Scuba diving - you carry compressed air in cylinders on your back, and you use some apparatus to breathe this air that you carry with you. While the concept is straight-forward, it is not so easy to execute this properly, and thus requires that you first take some lessons. Once you have learned it, however, it enables total freedom of movement for extended periods of time underwater.
Snuba - sort of a compromise between snorkel and scuba. You have a long, flexible tube that goes up to the surface, enabling you to breathe at much greater depths than snorkeling allows. You do not carry your oxygen supply on your back; you leave it at the surface. You do have to keep in mind that you need a straight line to the surface (imagine a dog on a leash going around a tree and getting stuck), but the concept is simple and it takes only a quick lecture (mostly covering safety) to teach you what you need to know.
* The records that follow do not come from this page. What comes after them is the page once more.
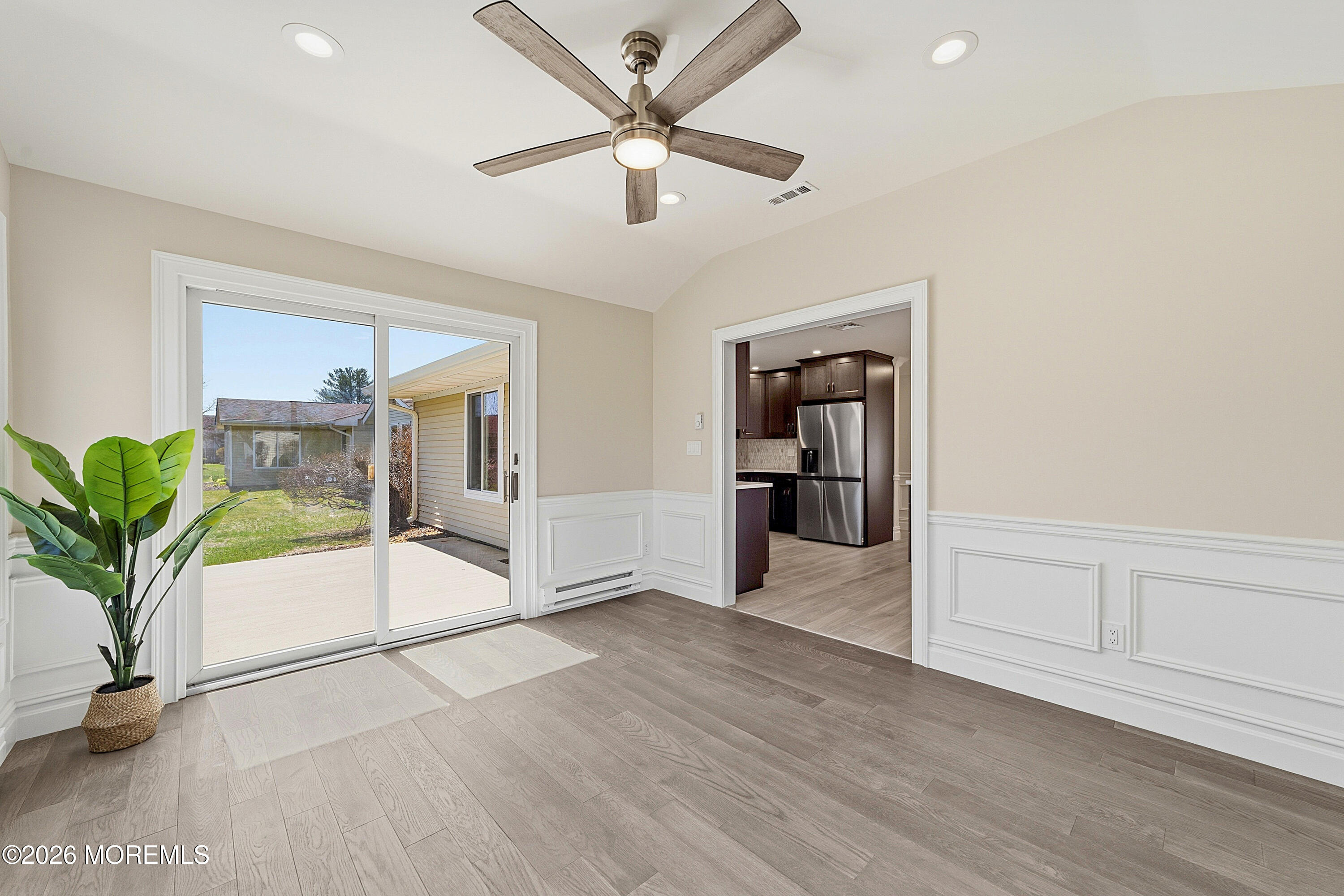 780 B Ardmore Road, Unit 780B Monroe Township, NJ 08831 - Photo 22 of 30 wooden floor in an empty room with a window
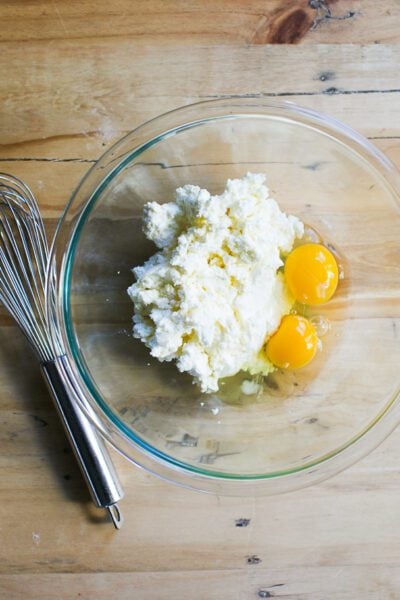 Ricotta and eggs in a glass mixing bowl with a whisk on the side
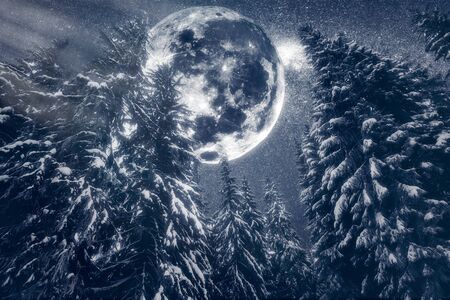 Full moon rising above the winter valley covered with fresh snow. Fantastic milky way in a starry sky. Christmas night.の写真素材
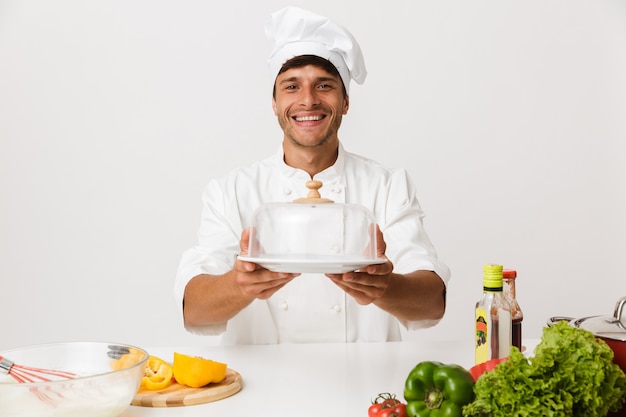 Uomo del cuoco unico isolato sulla cucina bianca della parete.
Helmet Diving - you wear a helmet which enables you to breathe comfortably, without anything stuck in your mouth. This helmet is fairly heavy, which weights you down like ballast, sending you to the bottom of the seafloor. As a result, you are able to walk on the ocean floor, almost as if you were not swimming. There are many variations of helmets - some are sealed, which means you could swim if you wanted to; others are open at the bottom, which means you cannot tilt it too much or water will pour in (so you HAVE to walk upright). For short dives, you can simply use the air the helmet traps naturally; for longer dives, you can use either an oxygen tank on your back (like scuba uses) or a tube to the surface (like snuba uses).
Sea Trek - a commercialized helmet dive where a group of people walk on the ocean floor, usually following a set marked path. The path is often, but not always, marked with ropes, and these ropes double as handholds that make it easier to control your walking.